Data below
== Segment start ==

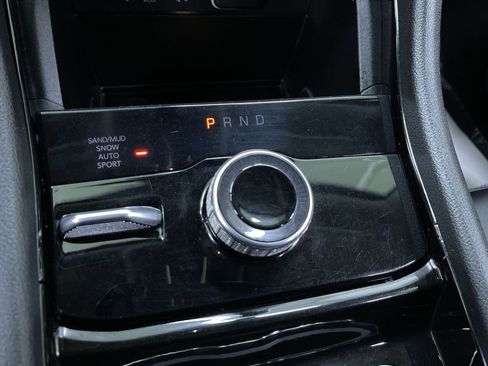 Used 2023 Jeep Grand Cherokee L Limited image 26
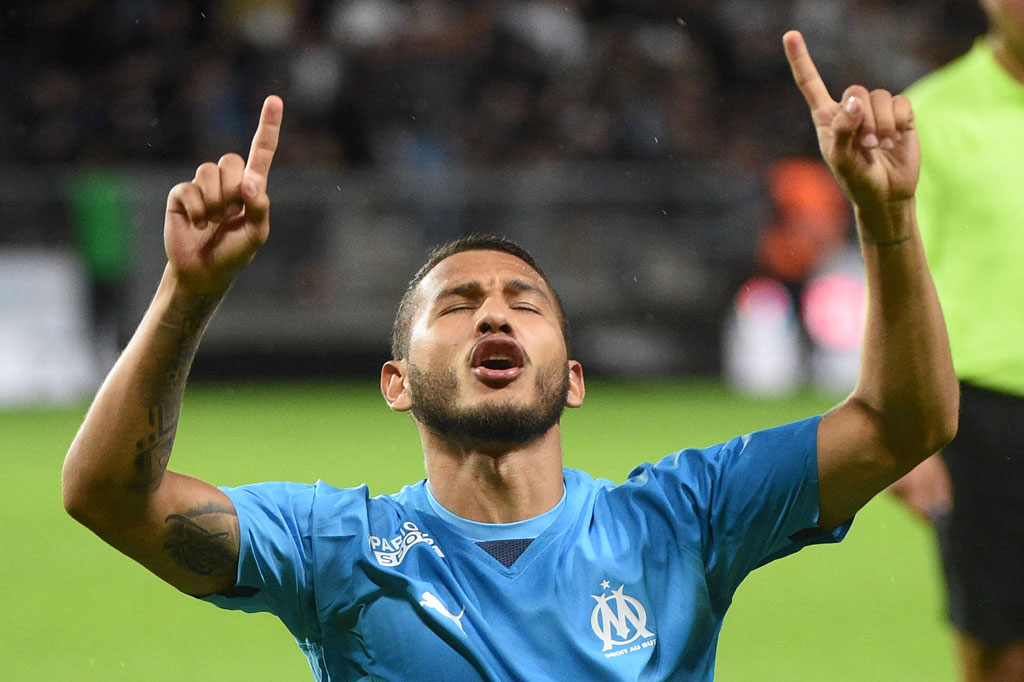 Suarez berhasil mencatatkan namanya di papan skor pada menit ke-50 lewat sepakan kaki kanan dari dalam kotak penalti usai menyelesaikan umpan matang Clauss. 2-0 untuk Marseille.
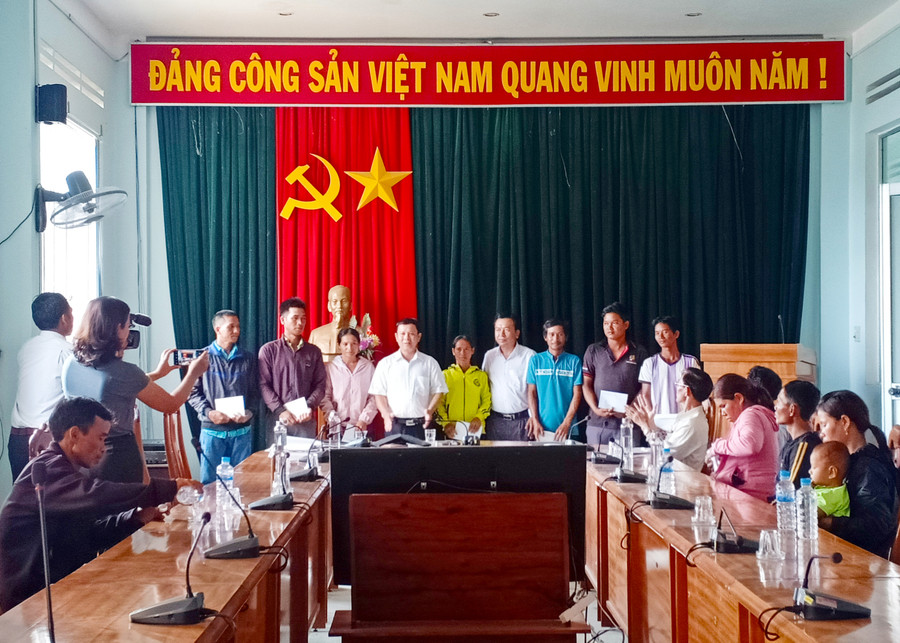Ban Dân tộc tỉnh tặng quà cho các gia đình bị thiệt hại. Ảnh: Như Loan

== Segment end ==

What is being asked
Quote the material in full and exactly; do not carry over its pictures.

Task solution
 Used 2023 Jeep Grand Cherokee L Limited image 26
 Suarez berhasil mencatatkan namanya di papan skor pada menit ke-50 lewat sepakan kaki kanan dari dalam kotak penalti usai menyelesaikan umpan matang Clauss. 2-0 untuk Marseille.
Ban Dân tộc tỉnh tặng quà cho các gia đình bị thiệt hại. Ảnh: Như Loan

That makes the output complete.